Monday, November 27, 2023

New regulations may lead to a divide in the cryptocurrency community.

Following days of squabbling and frantic tweeting, cryptocurrency lovers, activists, and entrepreneurs watched in dread on August 10 as the US Senate adopted a $1 trillion infrastructure plan, complete with an article that many fear could irreversibly damage the entire American crypto sector. The contentious rule would require “brokers” of digital asset transactions—i.e., cryptocurrencies—to notify their consumers to the IRS so that they might be taxed. The crypto community complained that the bill’s definition of “broker” was so broad that it might include miners, validators, and creators of decentralized applications, all of whom, despite playing critical roles in the blockchain ecosystem, have no method of identifying their anonymous users.
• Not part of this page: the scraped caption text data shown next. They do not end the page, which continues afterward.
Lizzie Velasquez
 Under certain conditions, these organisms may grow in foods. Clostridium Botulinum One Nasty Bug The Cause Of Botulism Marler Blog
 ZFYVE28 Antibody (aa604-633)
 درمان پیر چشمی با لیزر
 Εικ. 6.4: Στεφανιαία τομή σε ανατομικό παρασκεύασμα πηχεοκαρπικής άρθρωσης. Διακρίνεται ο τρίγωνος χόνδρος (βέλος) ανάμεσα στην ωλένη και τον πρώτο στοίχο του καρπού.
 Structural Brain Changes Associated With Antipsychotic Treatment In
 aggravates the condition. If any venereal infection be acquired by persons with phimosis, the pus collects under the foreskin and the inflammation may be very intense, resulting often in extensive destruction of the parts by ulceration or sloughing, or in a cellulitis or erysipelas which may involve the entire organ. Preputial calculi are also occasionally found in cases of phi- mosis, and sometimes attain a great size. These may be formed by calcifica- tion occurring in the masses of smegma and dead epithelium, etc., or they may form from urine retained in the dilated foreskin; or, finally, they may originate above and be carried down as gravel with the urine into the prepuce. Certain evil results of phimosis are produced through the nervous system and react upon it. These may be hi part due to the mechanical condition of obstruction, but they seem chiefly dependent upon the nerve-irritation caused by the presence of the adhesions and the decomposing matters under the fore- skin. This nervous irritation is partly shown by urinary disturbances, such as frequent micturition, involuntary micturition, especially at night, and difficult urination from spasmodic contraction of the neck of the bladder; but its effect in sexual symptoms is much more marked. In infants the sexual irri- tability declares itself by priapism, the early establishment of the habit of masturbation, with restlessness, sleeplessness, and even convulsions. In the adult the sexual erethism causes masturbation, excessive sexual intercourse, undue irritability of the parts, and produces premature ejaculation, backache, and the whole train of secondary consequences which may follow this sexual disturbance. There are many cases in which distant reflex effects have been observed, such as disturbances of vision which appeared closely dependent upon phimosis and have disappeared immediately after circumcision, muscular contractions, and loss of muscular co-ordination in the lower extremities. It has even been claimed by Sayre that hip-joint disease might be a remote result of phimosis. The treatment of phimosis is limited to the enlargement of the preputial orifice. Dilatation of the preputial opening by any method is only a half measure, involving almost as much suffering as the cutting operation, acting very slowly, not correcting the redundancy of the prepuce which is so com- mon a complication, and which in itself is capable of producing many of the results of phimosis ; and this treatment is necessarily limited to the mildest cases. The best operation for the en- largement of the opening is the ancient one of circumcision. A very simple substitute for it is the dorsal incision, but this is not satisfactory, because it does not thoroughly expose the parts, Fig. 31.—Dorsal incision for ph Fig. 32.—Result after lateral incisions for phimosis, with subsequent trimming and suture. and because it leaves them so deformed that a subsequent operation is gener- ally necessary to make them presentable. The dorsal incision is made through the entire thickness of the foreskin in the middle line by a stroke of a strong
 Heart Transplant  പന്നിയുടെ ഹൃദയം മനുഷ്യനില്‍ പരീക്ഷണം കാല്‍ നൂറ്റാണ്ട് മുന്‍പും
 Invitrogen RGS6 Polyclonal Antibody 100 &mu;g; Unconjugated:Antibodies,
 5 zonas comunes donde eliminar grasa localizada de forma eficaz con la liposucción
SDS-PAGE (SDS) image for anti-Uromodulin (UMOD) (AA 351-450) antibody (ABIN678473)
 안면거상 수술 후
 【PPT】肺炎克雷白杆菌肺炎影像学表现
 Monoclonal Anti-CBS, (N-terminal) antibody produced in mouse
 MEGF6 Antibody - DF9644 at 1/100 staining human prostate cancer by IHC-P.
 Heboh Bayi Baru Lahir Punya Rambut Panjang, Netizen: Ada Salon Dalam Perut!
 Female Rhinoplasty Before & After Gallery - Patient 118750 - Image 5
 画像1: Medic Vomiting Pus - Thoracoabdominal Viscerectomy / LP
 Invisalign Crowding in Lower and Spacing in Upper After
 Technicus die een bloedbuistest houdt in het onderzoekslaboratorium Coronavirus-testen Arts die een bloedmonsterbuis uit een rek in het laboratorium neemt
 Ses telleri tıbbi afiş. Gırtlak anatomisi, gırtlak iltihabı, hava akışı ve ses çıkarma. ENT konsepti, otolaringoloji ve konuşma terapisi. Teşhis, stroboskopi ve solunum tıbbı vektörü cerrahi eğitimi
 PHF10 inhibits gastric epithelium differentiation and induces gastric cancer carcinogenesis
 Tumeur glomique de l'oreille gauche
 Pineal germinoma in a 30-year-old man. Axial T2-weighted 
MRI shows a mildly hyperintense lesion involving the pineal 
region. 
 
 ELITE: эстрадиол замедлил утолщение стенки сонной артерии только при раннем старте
Initially, it appeared that the bill’s language might be changed to exempt those groups after a trio of senators proposed an amendment clarifying the phrase “broker.” Then came a White House-backed amendment, which sought a more lenient clarification, exempting proof-of-work miners—which use an energy-intensive process to secure blockchains like Bitcoin or Ethereum—but not many other categories, such as proof-of-stake validators, which perform the same function without burning energy. The Senate voted to pass the bill as-is, just as a compromise stance was being hammered out. On the surface, it appears that American crypto has taken a beating. However, the story that has been going around is entirely different: The infrastructure bill marks a turning point in bitcoin history. The technology, which is essentially a crypto-anarchist, anti-bank, and borderline anti-government manifesto disguised as code, has finally gotten a lobby. The fact that some senators are willing to battle for cryptocurrencies shows that it is more than a collection of Twitter accounts and a few blue-sky venture capitalists. Whatever the reason, it wields power, and following the saga over the infrastructure bill, it will be able to wield it even more deftly

Alex Brammer, vice president of business development at Luxor Tech, a bitcoin mining company, says, “We’re seeing the formalization, the maturation, of the crypto lobby, and this was the first organized effort that brought that to bear.” “Organizations like the Blockchain Association, the Texas Blockchain Council, and the Chamber of Digital Commerce will undoubtedly continue their efforts.”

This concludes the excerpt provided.